**Data listing**

-=-=-=-=-

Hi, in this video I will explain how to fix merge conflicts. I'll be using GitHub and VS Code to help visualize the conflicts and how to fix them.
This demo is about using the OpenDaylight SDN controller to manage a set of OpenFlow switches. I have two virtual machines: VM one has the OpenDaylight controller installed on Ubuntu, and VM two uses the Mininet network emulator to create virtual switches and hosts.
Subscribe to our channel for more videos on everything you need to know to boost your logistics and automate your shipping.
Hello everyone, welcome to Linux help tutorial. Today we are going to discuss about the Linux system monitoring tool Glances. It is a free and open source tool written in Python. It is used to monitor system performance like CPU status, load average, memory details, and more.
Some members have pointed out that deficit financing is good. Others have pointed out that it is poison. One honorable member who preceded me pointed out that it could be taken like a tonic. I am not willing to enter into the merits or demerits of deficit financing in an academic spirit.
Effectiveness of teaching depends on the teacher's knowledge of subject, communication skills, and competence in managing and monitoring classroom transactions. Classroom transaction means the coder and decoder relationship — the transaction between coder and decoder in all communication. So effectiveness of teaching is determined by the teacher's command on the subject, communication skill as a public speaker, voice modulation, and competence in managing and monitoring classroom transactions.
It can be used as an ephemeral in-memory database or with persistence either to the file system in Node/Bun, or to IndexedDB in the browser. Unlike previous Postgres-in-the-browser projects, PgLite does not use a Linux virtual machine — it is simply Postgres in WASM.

-=-=-=-=-

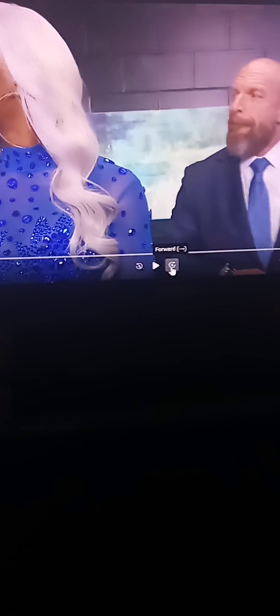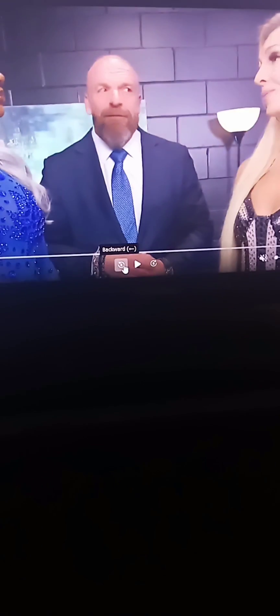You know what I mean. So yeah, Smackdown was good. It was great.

-=-=-=-=-

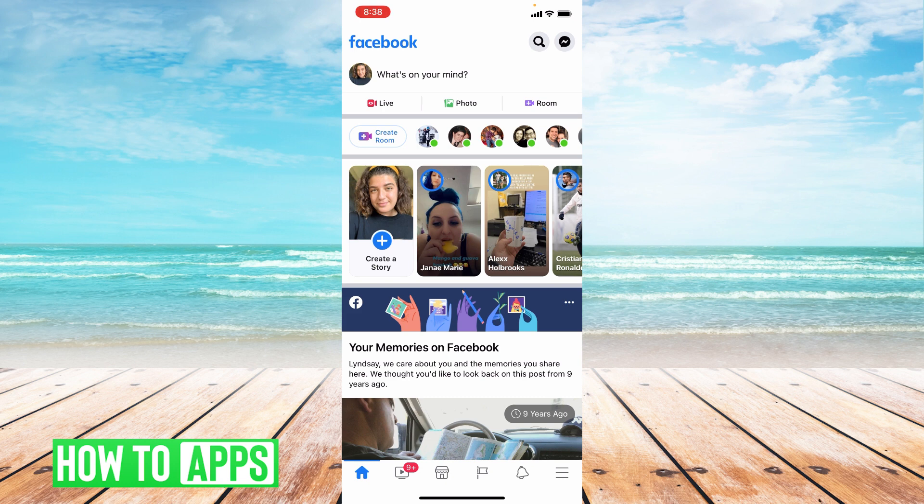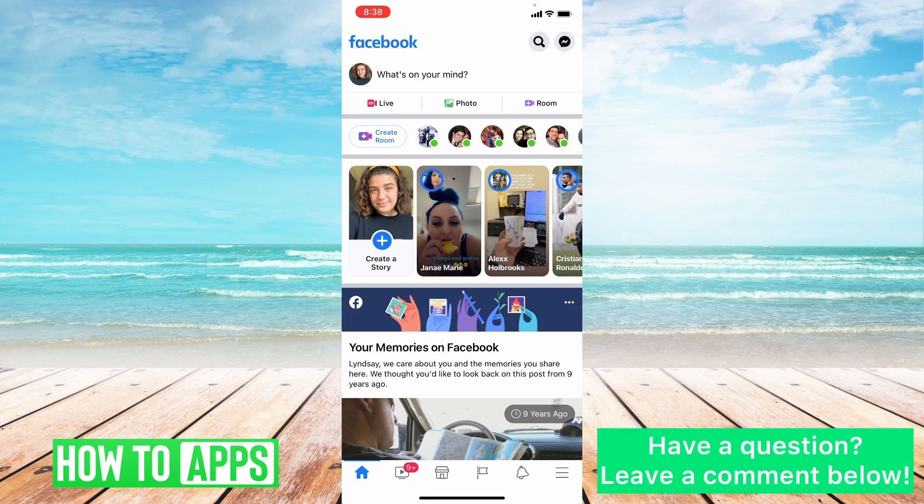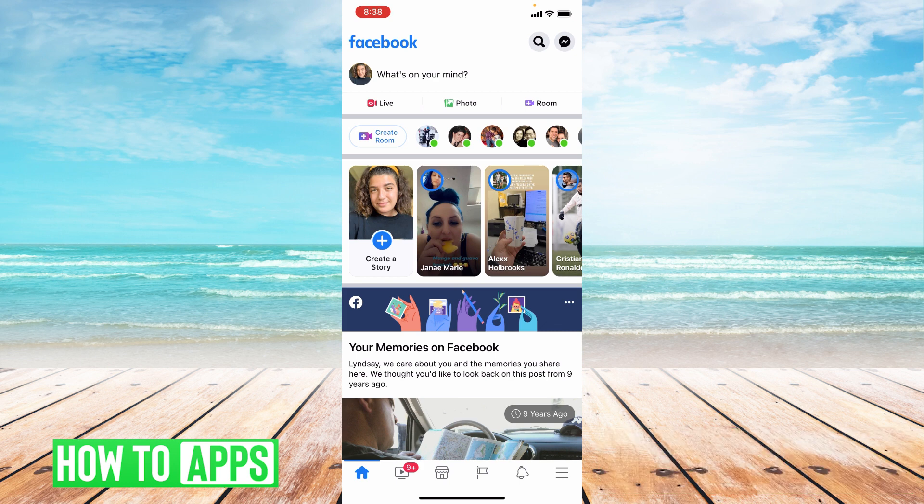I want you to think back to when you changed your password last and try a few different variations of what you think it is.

-=-=-=-=-

**Problem**
In the listing above, find the line with "Effectiveness of teaching depends" and the line with "It can be used"; output exactly those lines and all lines between them.

**Reply**
Effectiveness of teaching depends on the teacher's knowledge of subject, communication skills, and competence in managing and monitoring classroom transactions. Classroom transaction means the coder and decoder relationship — the transaction between coder and decoder in all communication. So effectiveness of teaching is determined by the teacher's command on the subject, communication skill as a public speaker, voice modulation, and competence in managing and monitoring classroom transactions.
It can be used as an ephemeral in-memory database or with persistence either to the file system in Node/Bun, or to IndexedDB in the browser. Unlike previous Postgres-in-the-browser projects, PgLite does not use a Linux virtual machine — it is simply Postgres in WASM.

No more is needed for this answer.